=== Begin Enclosure ===

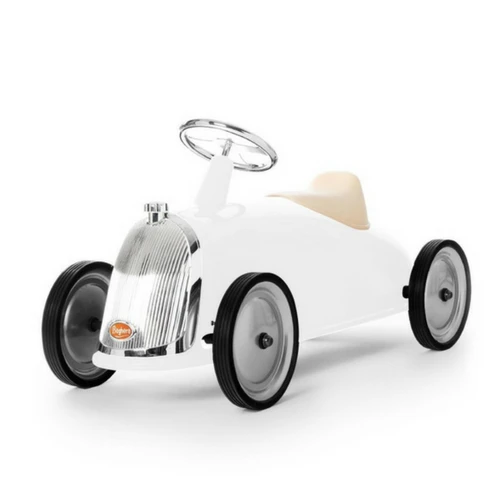 Rider Snow White 833 1 Rider Snow White 833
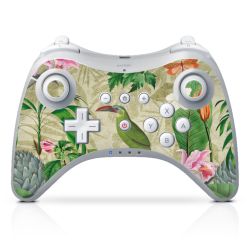 Folien für Controller matt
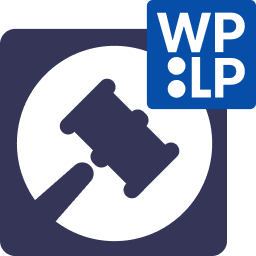 Privacy Policy Generator, Terms & Conditions, GDPR, CCPA, Cookie Policy & Disclaimer Templates – WPLP Legal Pages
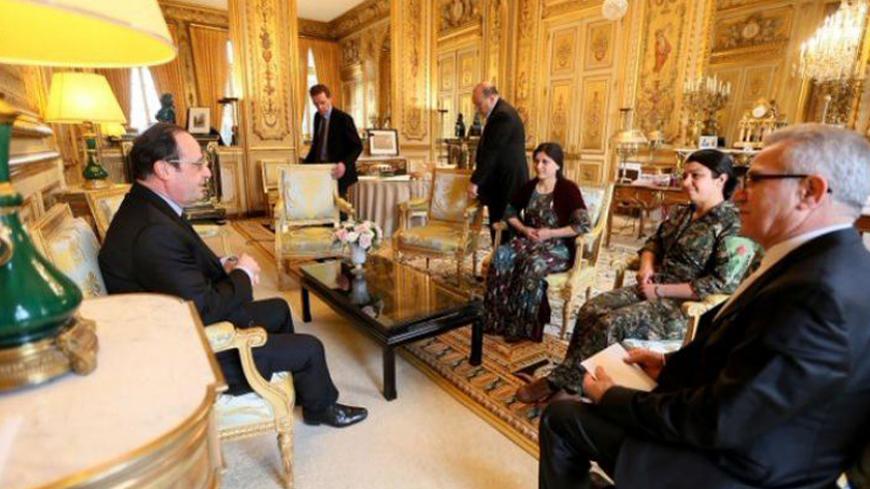 elysee.jpg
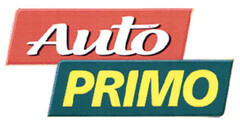 AUTO PRIMO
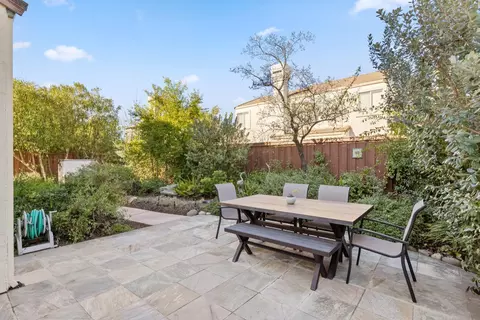 Other - 227 Tern Pl, Davis, CA 95616 photo 5 of 6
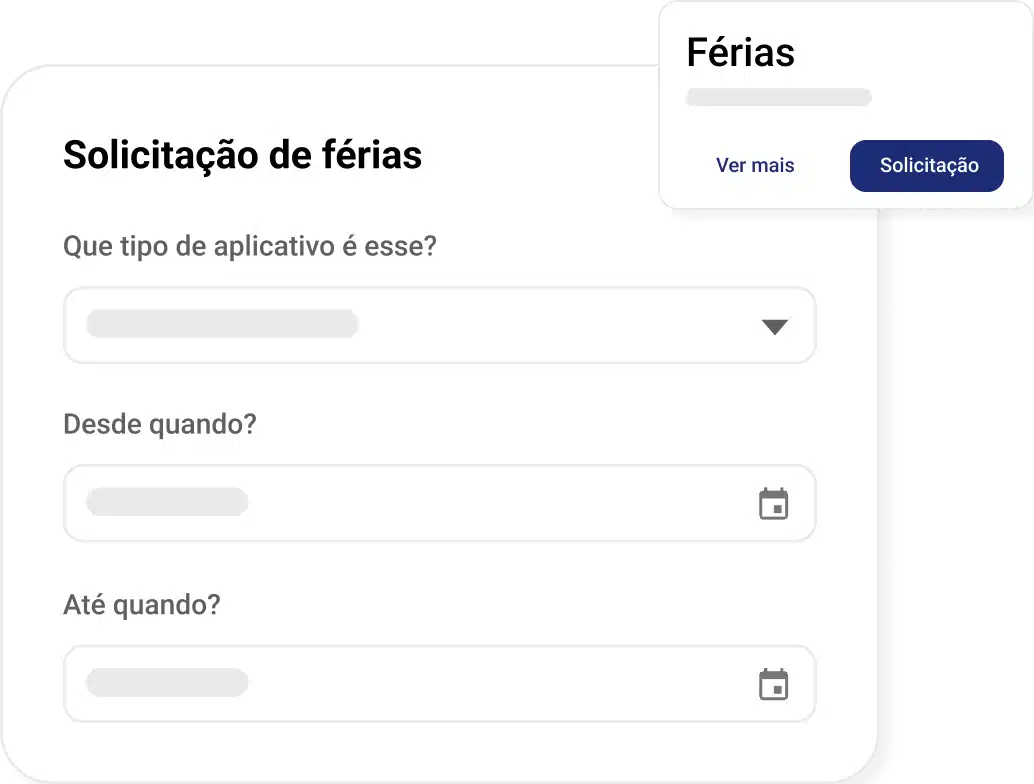 content timeoff 1 pt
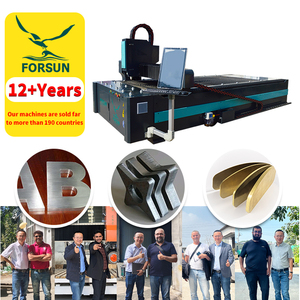29% REMISE Vente Chaude 15000W 2000W 3000W 6000W 12000W 1530 W 1325 2040 Pas Cher Coupe CNC Métal <span class=keywords><strong>Fibre</strong></span> <span class=keywords><strong>Optique</strong></span> Laser Machines De Découpe - Product Image 3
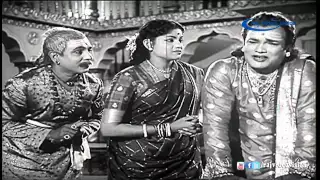 Pattinathar Full Movie Part 6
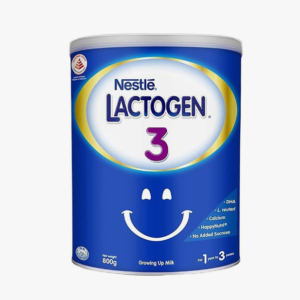 nestle-nangrow-optipro-tin-400g-9
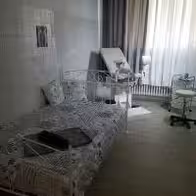 Salon Anja ( Im Hinterhaus) - photo 8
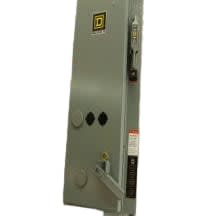 SCHNEIDER ELECTRIC 9991-SCA-41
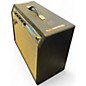 Used Fender Princeton Tube Guitar Combo Amp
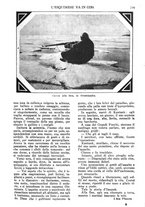 giornale/TO00189683/1926/unico/00000813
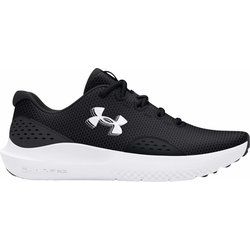 Buty sportowe damskie na wiosnę Under Armour ze sklepu: SPORT-SHOP.pl w kategorii: Buty sportowe damskie - zdjęcie 6BAF450-D40-9631_175610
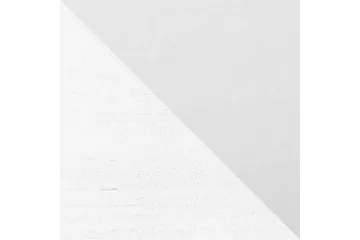 Patrickswell Spisegruppe - Møbler - Bord - Spisegruppe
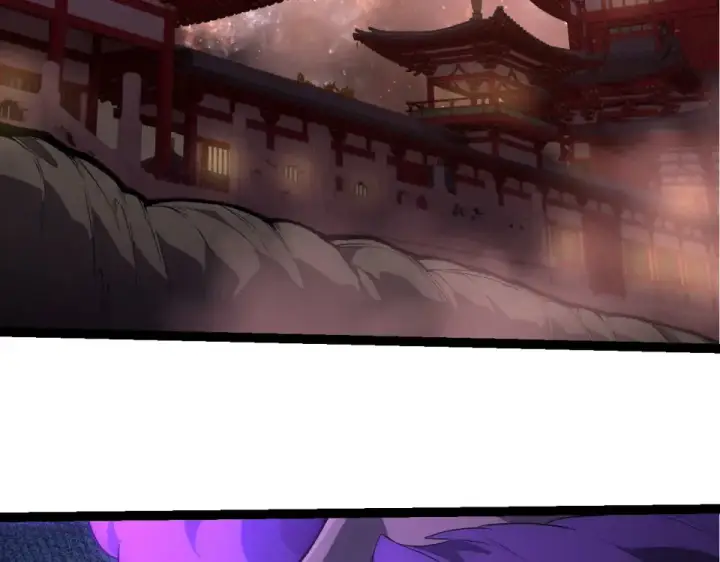 漫画《从大树开始的进化》第477话  周天大阵第91张图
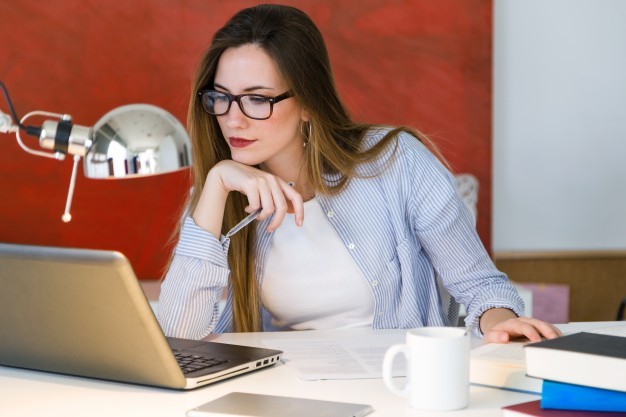 Make Money From Home: 10 Free Tips in 2023
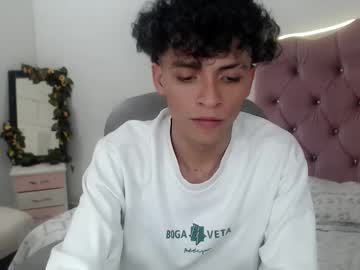 Hot_Bunny777_ Chaturbate stream image from December 04, 2025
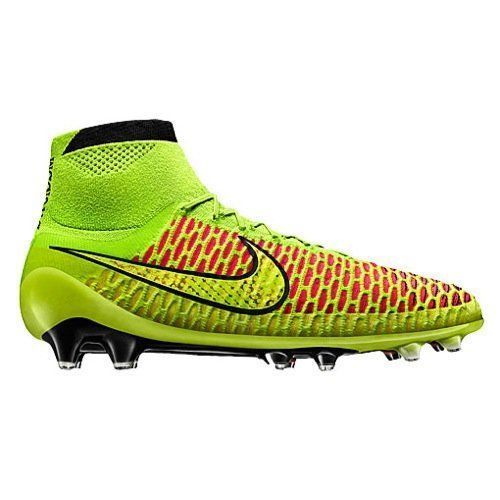 nike studs men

=== End Enclosure ===

• **THE PROBLEM**: Each line from the beginning of the entries up to and including the one containing "Buty sportowe damskie na" must be restated exactly. Pictures are to be left out.

• **WRITTEN SOLUTION**:
 Rider Snow White 833 1 Rider Snow White 833
 Folien für Controller matt
 Privacy Policy Generator, Terms & Conditions, GDPR, CCPA, Cookie Policy & Disclaimer Templates – WPLP Legal Pages
 elysee.jpg
 AUTO PRIMO
 Other - 227 Tern Pl, Davis, CA 95616 photo 5 of 6
 content timeoff 1 pt
29% REMISE Vente Chaude 15000W 2000W 3000W 6000W 12000W 1530 W 1325 2040 Pas Cher Coupe CNC Métal <span class=keywords><strong>Fibre</strong></span> <span class=keywords><strong>Optique</strong></span> Laser Machines De Découpe - Product Image 3
 Pattinathar Full Movie Part 6
 nestle-nangrow-optipro-tin-400g-9
 Salon Anja ( Im Hinterhaus) - photo 8
 SCHNEIDER ELECTRIC 9991-SCA-41
 Used Fender Princeton Tube Guitar Combo Amp
 giornale/TO00189683/1926/unico/00000813
 Buty sportowe damskie na wiosnę Under Armour ze sklepu: SPORT-SHOP.pl w kategorii: Buty sportowe damskie - zdjęcie 6BAF450-D40-9631_175610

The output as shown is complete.